Occorre essere «in forma», belli, sani, abbronzati — a ogni prezzo, con ogni sforzo. Non per vivere una vita migliore, bensì per vincere. Dal dentista alla palestra, dall’estetista al corso di lingua: la giornata diventa un lungo training, un immenso addestramento. Eccelle chi resiste eroicamente.
Ma l’esercizio non è forse encomiabile? E il desiderio di perfezionamento non va elogiato? Si può rispondere con Peter Sloterdijk, quando riflette su quella che chiama l’antropotecnica del postumanismo. Abbiamo ereditato dal Novecento la figura dell’oltreuomo, la spinta a sfidare i vincoli fisici, a superare ogni limite. Siamo tutti acrobati. Ci misuriamo con difficoltà sempre maggiori. La nostra esistenza è una «prestazione acrobatica». Ma il nostro atletismo eroico è una «ascesi de-spiritualizzata». Abbiamo perso la trascendenza e il senso della verticalità. Procediamo in solitudine, lungo una fune tesa non in alto, ma raso terra — come aveva intuito Kafka. Malgrado la tensione e lo stress, rischiamo miseramente di inciampare a ogni passo.

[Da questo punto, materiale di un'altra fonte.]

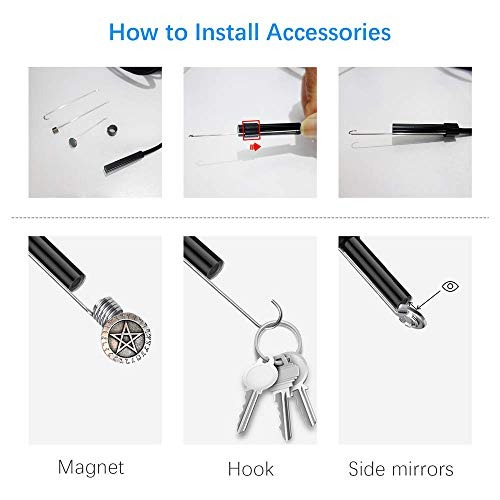 USB Endoscope with 6 Adjustable LED Lights, Anykit 1200P HD Semi-Rigid ...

Si deve per questo condannare la competizione come tale? Certo che no. D’altronde nell’agone greco è sorta la stessa filosofia. È Nietzsche, il filosofo a cui non è sfuggito il tratto tragico-distruttivo del pensiero greco, a offrire nel suo scritto Agone omerico una indicazione decisiva. Nei versi di Esiodo scorge «due dee chiamate Eris». C’è una contesa buona, che «spinge al lavoro anche l’uomo inetto»; il vicino gareggia con il vicino, ma la gara, stimolata dall’invidia e dalla gelosia, tende al benessere. C’è invece una contesa cattiva che porta solo all’annientamento reciproco. Qui non si dà misura e trionfa perciò l’ambizione smisurata dell’unico genio. Per l’agone greco è indispensabile invece un secondo genio — nessuno deve essere per sempre il migliore. Altrimenti il gioco agonistico si esaurirebbe con grave danno per la città e la società politica. Ecco allora il male dell’agonismo moderno: è la cattiva Eris che da un lato favorisce la mediocrità aggressiva, dall’altro non conosce che un singolo, isolato vincitore.